III. Prices and payment

  1. Prices are without engagement. All orders are only accepted on the basis of the prices valid at the time of ordering and are understood as not including shipping costs. The prices do not include the relevant mandatory value added tax.
  2. When not otherwise agreed upon, the invoices of the supplier become payable in full 30 days following invoicing. Payment is first considered as having been made when the supplier has the amount at his disposal.
  3. The orderer shall only be entitled to offset and/or withhold payments due to such counterclaims to the extent that these are undisputed or have been legally established or arise from the same order under which the delivery in question was made.
  4. If payment is deferred or if the orderer is in default, we shall be entitled to charge interest at a rate of 9 percentage points p.a. above the respective base interest rate on the purchase price claim. The supplier shall be at liberty to assert any further damage caused by default.

IV. Delivery period

  1. Deadlines and dates for deliveries and services promised by the supplier are always only approximate, unless a fixed deadline or date has been expressly promised or agreed.
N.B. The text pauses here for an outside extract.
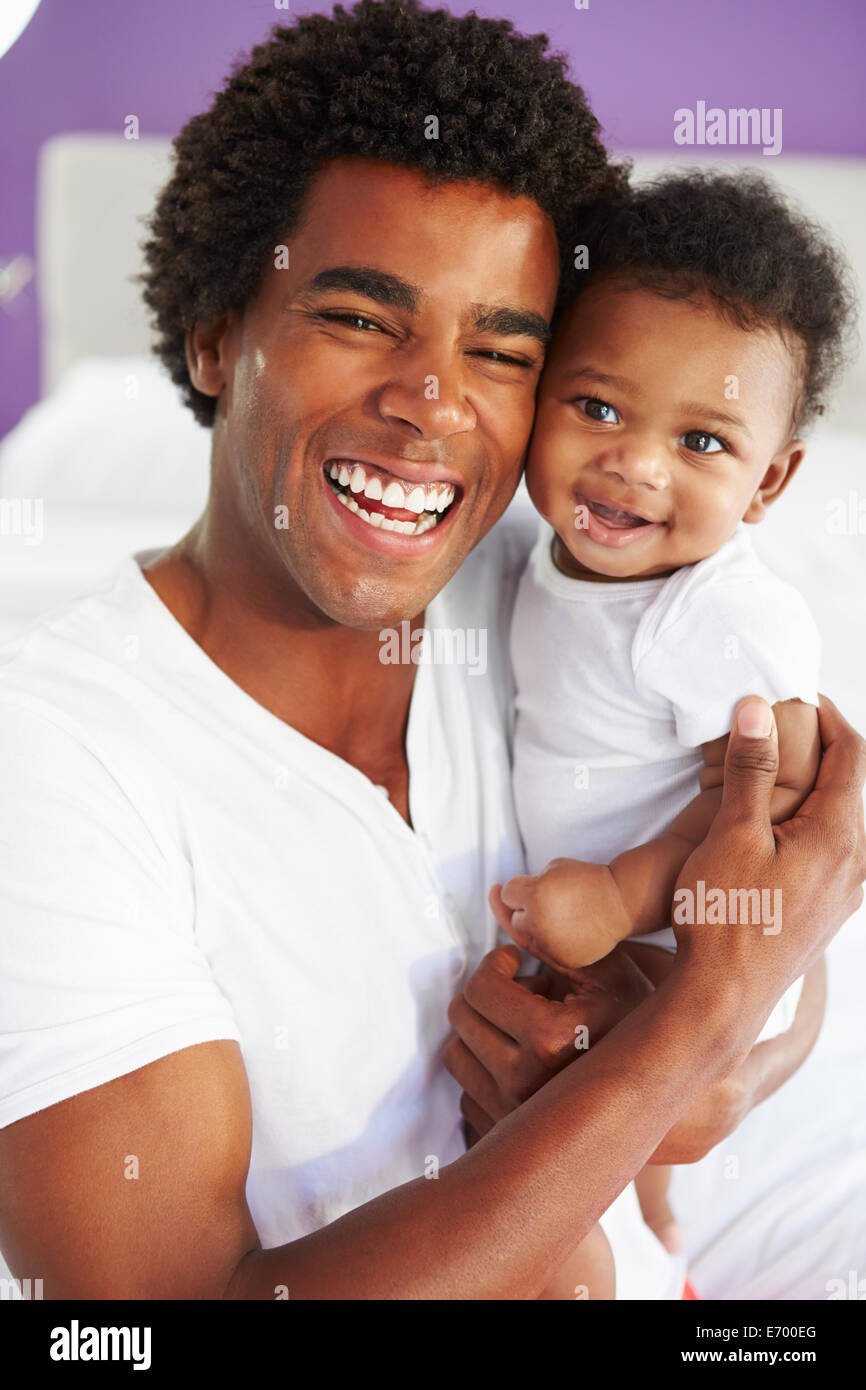 Dad Cuddling Baby Son At Home Stock Photo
If shipment has been agreed, delivery periods and delivery dates refer to the time of handover to the forwarding agent, carrier or other third party commissioned with the transport, unless expressly stated otherwise by the supplier.
  2. The supplier may - without prejudice to its rights arising from default on the part of the orderer - demand from the orderer an extension of delivery and performance periods or a postponement of delivery and performance dates by the period of time during which the orderer fails to fulfil its contractual obligations towards the supplier.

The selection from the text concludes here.